The role of 4-Nitro-pyridine-2-carbonitrile continues to grow as cross-disciplinary research expands. Teams at the intersection of pharmacy, materials science, and green technology increasingly look to building blocks that offer both functionality and reliable sourcing. Regulatory changes and greater transparency across the chemical distribution chain have made users more selective, rewarding suppliers who show respect for safety, environmental impact, and technical support.
Machine learning and data-driven synthesis planning, now more popular in both academic and industrial chemistry, put a premium on high-quality intermediates. Compounds like this fit nicely into automated workflows, given the high reactivity and minimal requirements for troubleshooting. Labs eager to incorporate robotics or high-throughput synthesis tools find themselves gravitating toward molecules that tick all the boxes on reproducibility and cleanliness.
The importance of 4-Nitro-pyridine-2-carbonitrile comes from how it bridges practical needs with ongoing discovery. Researchers working late hours, chasing promising leads in both human and plant health, rely on solid foundations. From my own journey through the world of synthesis chemistry, I’ve seen the compound accelerate hit-to-lead programs and deliver on projects facing tight budgets. Its unique structure, predictable properties, and adaptability to changing methods mark it as a standout among pyridine-based intermediates.
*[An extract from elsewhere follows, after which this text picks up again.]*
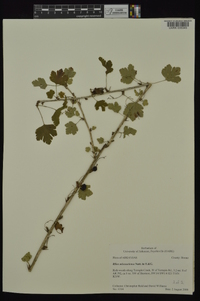 Ribes missouriense image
Users, by sharing feedback, have pushed suppliers to focus on quality, transparency, and sustainable practices. Regulatory scrutiny has made the market more consistent, and dialogue between buyers and sellers has improved training, handling, and downstream applications. Across industries, from pharma to advanced manufacturing, improvements in product design and process safety keep raising the bar for specialty chemicals.
A good chemical product does more than fill a shelf or an inventory list—it becomes part of the system that underpins all discovery and development work. 4-Nitro-pyridine-2-carbonitrile brings together reliability, versatility, and a track record in pushing boundaries, whether the goal is to synthesize new drugs, design advanced materials, or accelerate R&D cycles.
Looking ahead, the ongoing dialogue among chemists, manufacturers, and safety professionals continues to raise standards. From student labs to commercial plants, the focus remains on maximizing outcomes, minimizing waste, and upholding the highest standards for people and the planet. Subtle changes in how we source, store, and deploy compounds like 4-Nitro-pyridine-2-carbonitrile ripple through every aspect of the scientific process, continually reshaping the world of modern chemistry.